NOTE : I only test the code using python 3.8 (windows) + torch 1.9.1 + torchaudio 0.6.0, too new or too old dependencies may not work

UPDATE: python 3.8 (windows) + cuda 11.8 + torch 2.0.0 + torchaudio 2.0.1 works, and training is faster.

## 2. Configuring the pretrained model

- Feature Encoder (choose only one):

(1) Download the pre-trained [ContentVec](https://ibm.ent.box.com/s/z1wgl1stco8ffooyatzdwsqn2psd9lrr) encoder and put it under `pretrain/contentvec` folder.

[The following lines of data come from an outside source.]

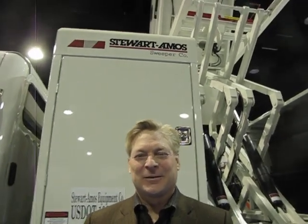This is Ranger Kidwell Ross, Editor at World Sweeper, and we're at NPE 2011 with Frank Chulick. Frank is the President of Stuart Amos Sweeper Company, and he's going to talk to us about his Starfire Series Broom Sweeper.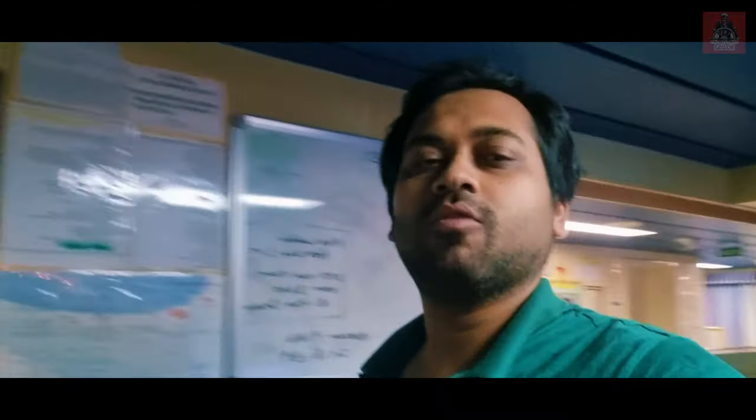If you have any doubt, write it in the comment section and I will surely reply. Check out my channel, the Travelohollic Sailor, for many marine knowledge videos and travel vlogs. This is your second mate signing off — I'll see you soon with the next video. Bye-bye, take care, see you soon.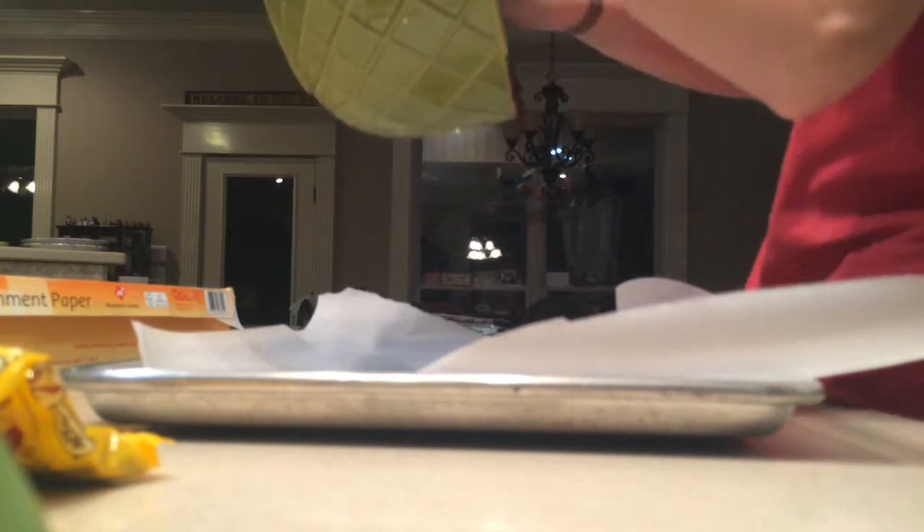You'll need a cookie sheet with parchment paper on it. Stir your chocolate one more time, then spread it onto your cookie sheet. You could really do this with any flavors — peanut butter chocolate chips and chocolate frosting, or white chocolate and funfetti frosting. You can really do any flavor of fudge with this, that's why it's so great.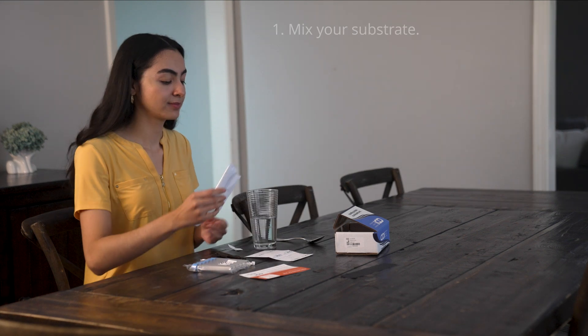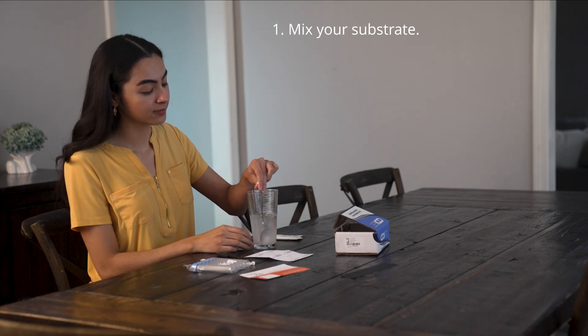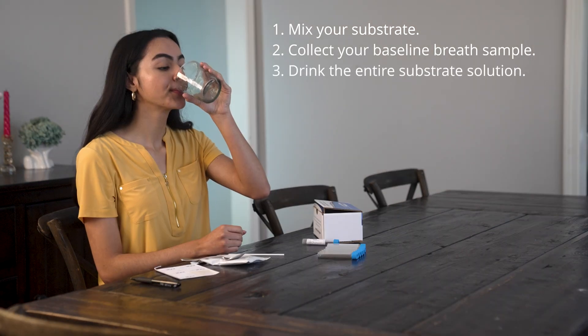Be sure to fill out and include the requisition form and other required information when you return your kit. On test day, after fasting, mix the substrate with water, but don't drink it yet. Collect your first breath sample to establish a baseline, label your sample, and then drink the entire substrate mixture.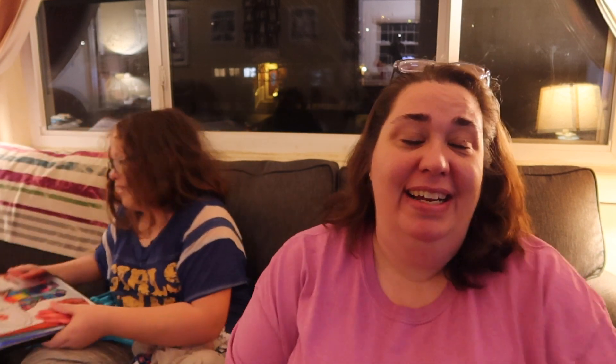What do we say to Brenda? Thank you, Brenda! All right, so that was Zoe opening her special box. Now we're gonna head downstairs and I'm gonna open the box that she sent to me.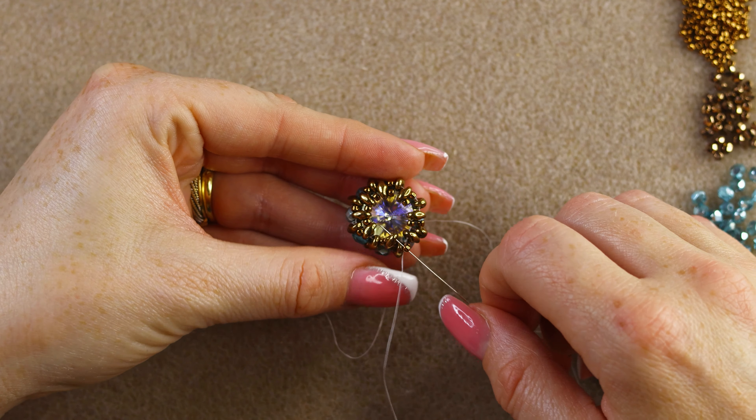Add one more 11/0, go through the super duo and the next 11/0 from this round, and pull super tight. Now go through all these beads again — 11/0, super duo outer hole, another 11/0 — at least two times until you feel it is secure.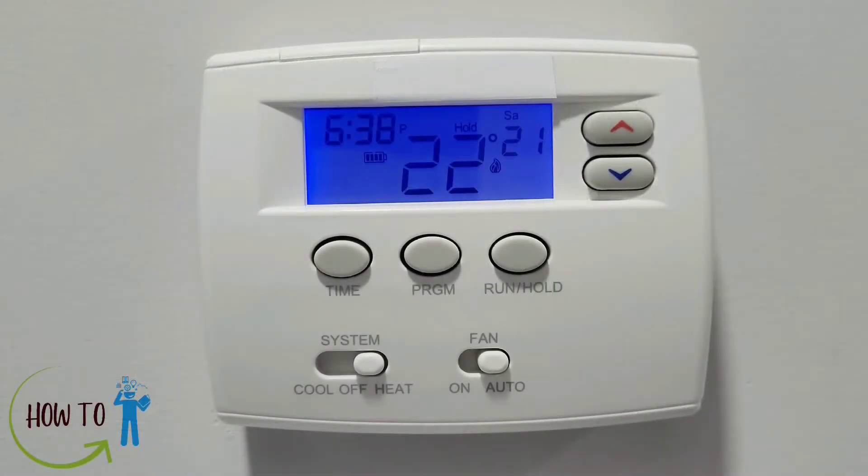Welcome to the channel. Today we are going to talk about the Emerson thermostat, model number 1F80-0261. This thermostat is 5-1-1 day programmable, which means you can set up one schedule for Monday to Friday, another for Saturday, and another one for Sunday.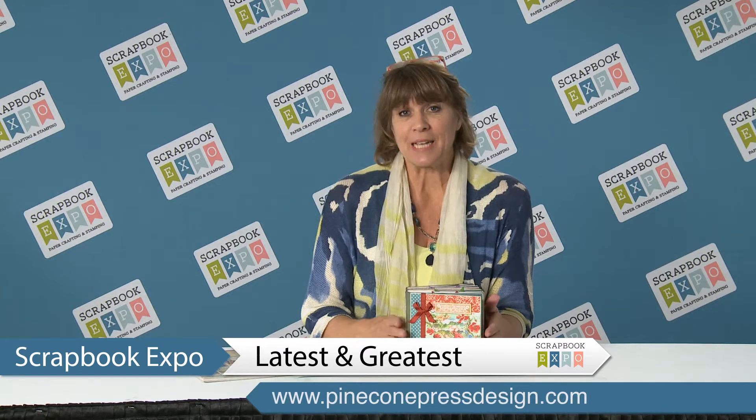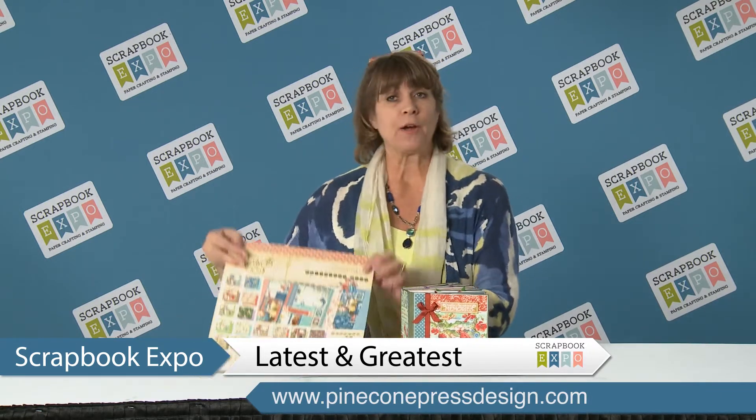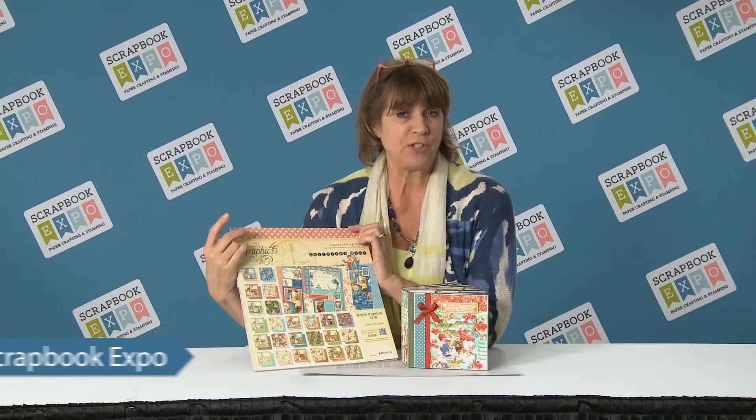Hi, I'm Debra with Pinecone Press, and I am here to tell you about the latest and greatest. This is going to be at our booth at Scrapbook Expo. We're starting with the new Graphics 45 Children's Hour Collection.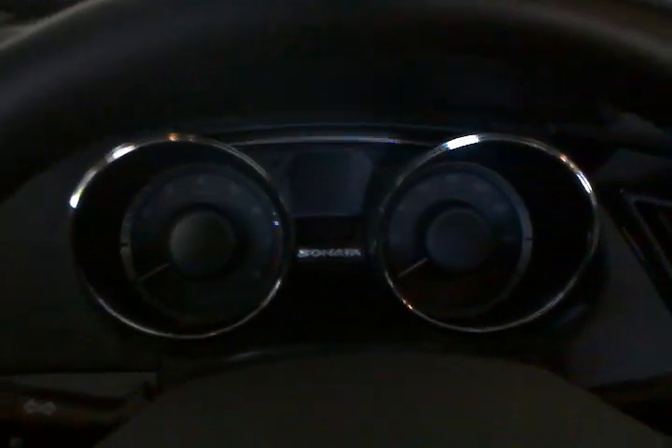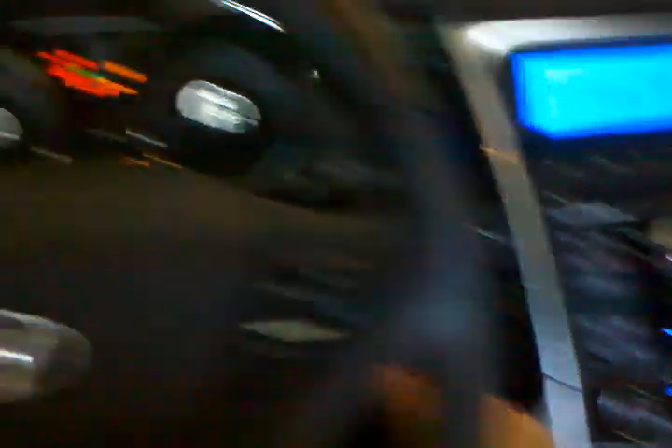I yanked the steering wheel and got it to budge briefly, but then nothing again. You can feel it — there are no hydraulics right now. And I'm probably still screwed — yep, nothing.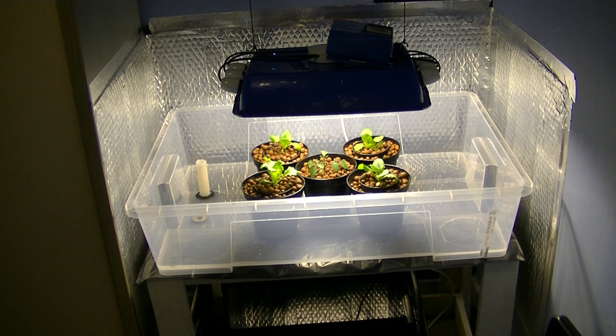Just a quick look at my system that I said I was going to be building. Originally this was going to be a deep water culture system, but instead I decided to change up and turn it into an ebb and flow hydroponic system.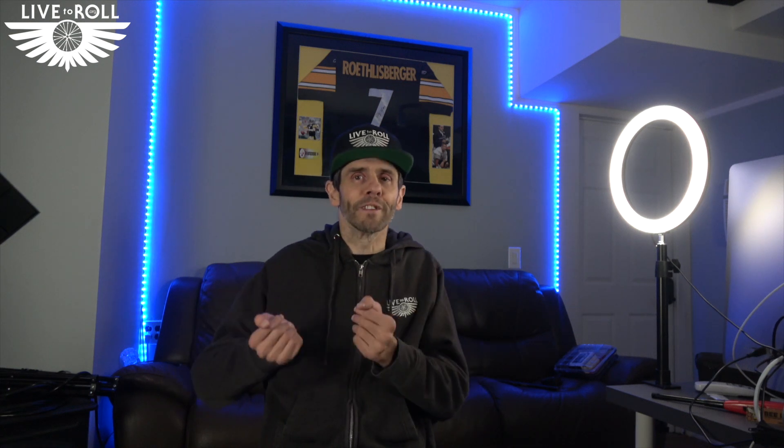What's up everybody? Sean here with another Live to Roll video. This is going to be another how-to video — specifically how I get hoodies on and off. I'm going to show you both how I get a zip-up hoodie on and then also how I get a regular pullover hoodie on. And a quick side note, hoodies are available for sale right now.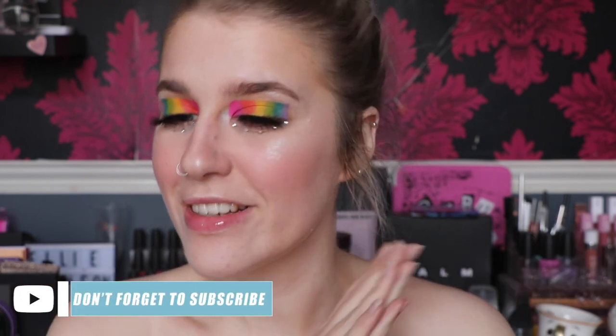And this is the completed look! I hope you enjoyed it - I love it, I think it's super cute and super fun. Obviously this eye isn't perfectly even to this eye but we just don't care in this household.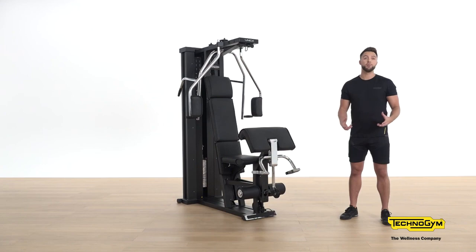Now you have seen the potential Unica can bring to your workout. It's time for you to explore the product. Enjoy.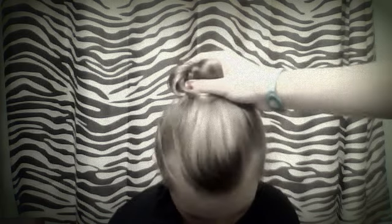Lots and lots of bobby pins if you have thick hair, and then for her I'm just using a couple different bobby pins.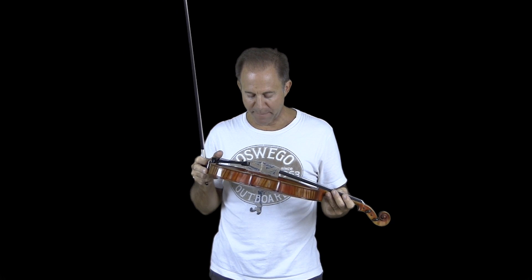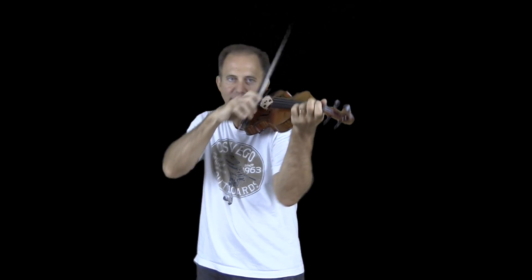Hey Aaron, I have the three violins that you just bought here. I'm going to start off by playing the Scott Cao STV-750, which also comes with a certificate of authenticity.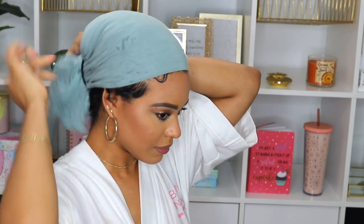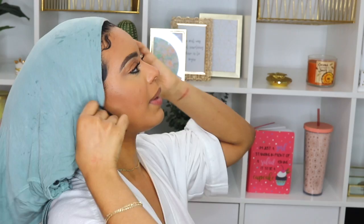I would totally recommend you guys try this method out. If you do, send me a picture or a video, let me know if it helped you, and comment below if you have wet plopped and how it has helped your curls. The next day, take off the bonnet, unravel it, put your hair back — ta-da! You can already start to see how the definition comes through. That concludes this video — I know it's super short but you guys asked me what wet plopping is and I had to answer it.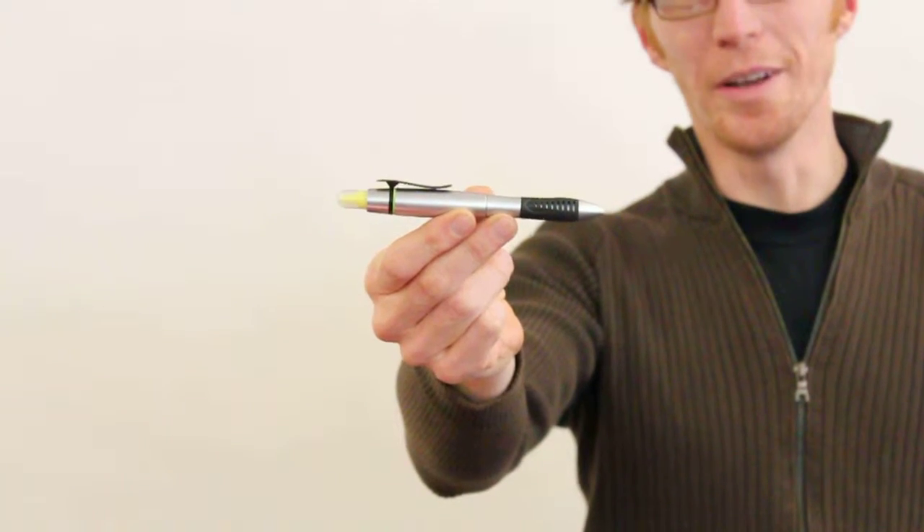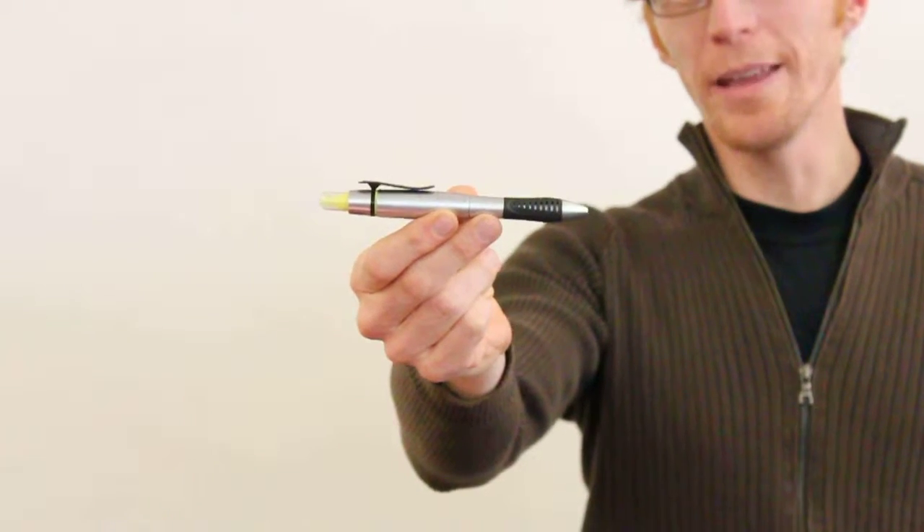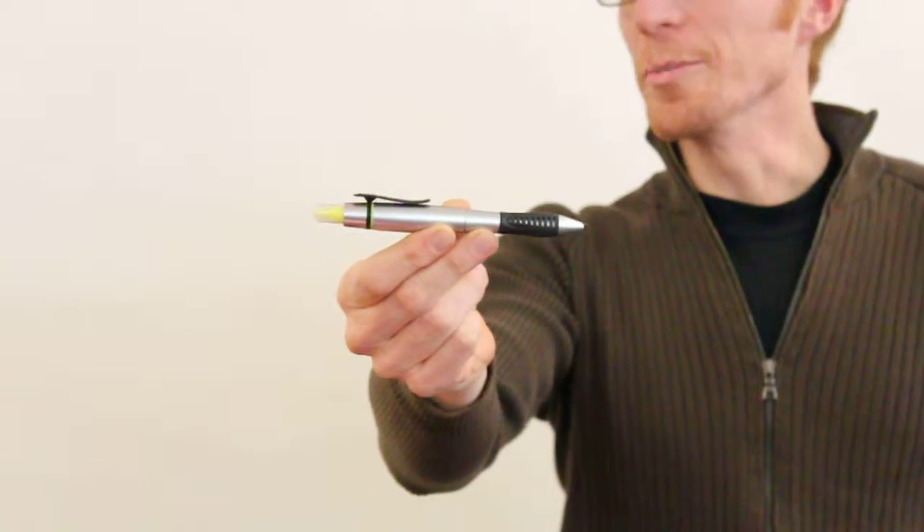Hey there, this is the 6001-10 Scripto Duo Neon Highlighter Pen. This is one of the coolest pens I've seen in a while.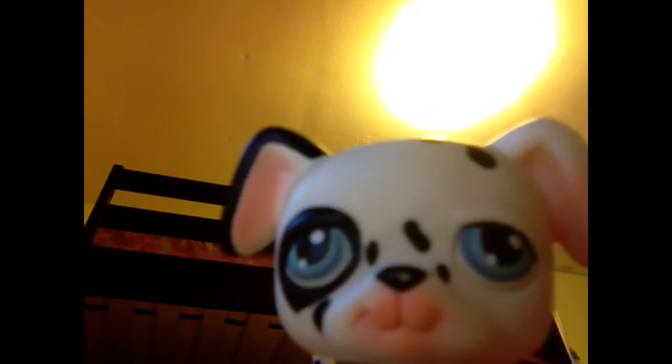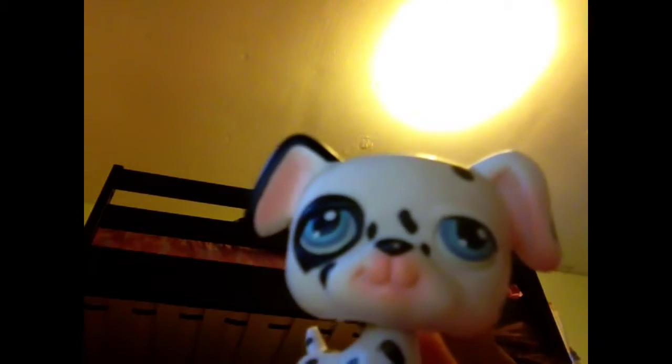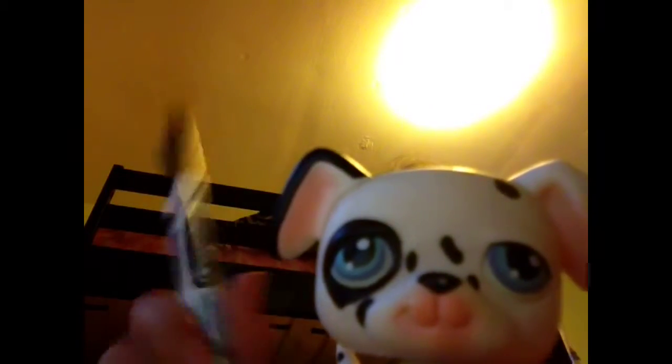Today I'm going to show you how to do a stitch on your Little Pet Shop. I will be doing it on my donation. Do not use permanent marker. All you will need is a black washable marker. Whatever you do, don't use Sharpie, don't use anything that's not washable, because it will be stuck on your Little Pet Shop.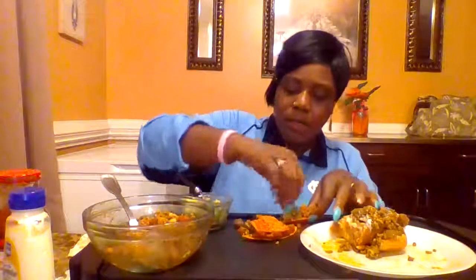These tacos went from Taco Tuesday to Nacho Tuesday! So good and juicy.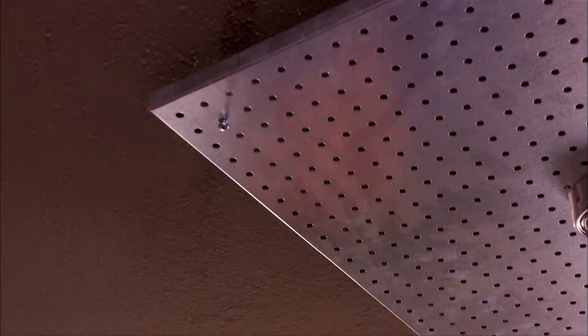We're going to do this by using a pegboard that I bought online — $60 for two of them. It's normally used to hang tools on.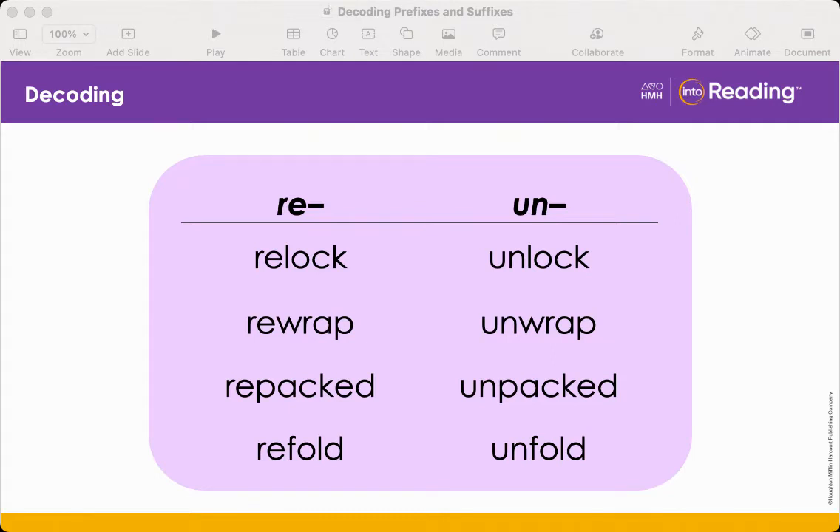Now let's look for the differences in meaning between the corresponding words in each column. The first row has the words relock and unlock. They have the same base word, lock. However, with the prefix re on the front, relock means to lock again, whereas the prefix un at the beginning of unlock means the opposite of lock, or to do the opposite action.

(2) Download the pre-trained [HubertSoft](https://github.com/bshall/hubert/releases/download/v0.1/hubert-soft-0d54a1f4.pt) encoder and put it under `pretrain/hubert` folder, and then modify the configuration file at the same time.

- Vocoder or enhancer:

Download and unzip the pre-trained [NSF-HiFiGAN](https://github.com/openvpi/vocoders/releases/download/nsf-hifigan-44.1k-hop512-128bin-2024.02/nsf_hifigan_44.1k_hop512_128bin_2024.02.zip) vocoder

or use the https://github.com/openvpi/SingingVocoders project to fine-tune the vocoder for higher sound quality.

Then rename the checkpoint file and place it at the location specified by the 'vocoder.ckpt' parameter in the configuration file. The default value is `pretrain/nsf_hifigan/model`.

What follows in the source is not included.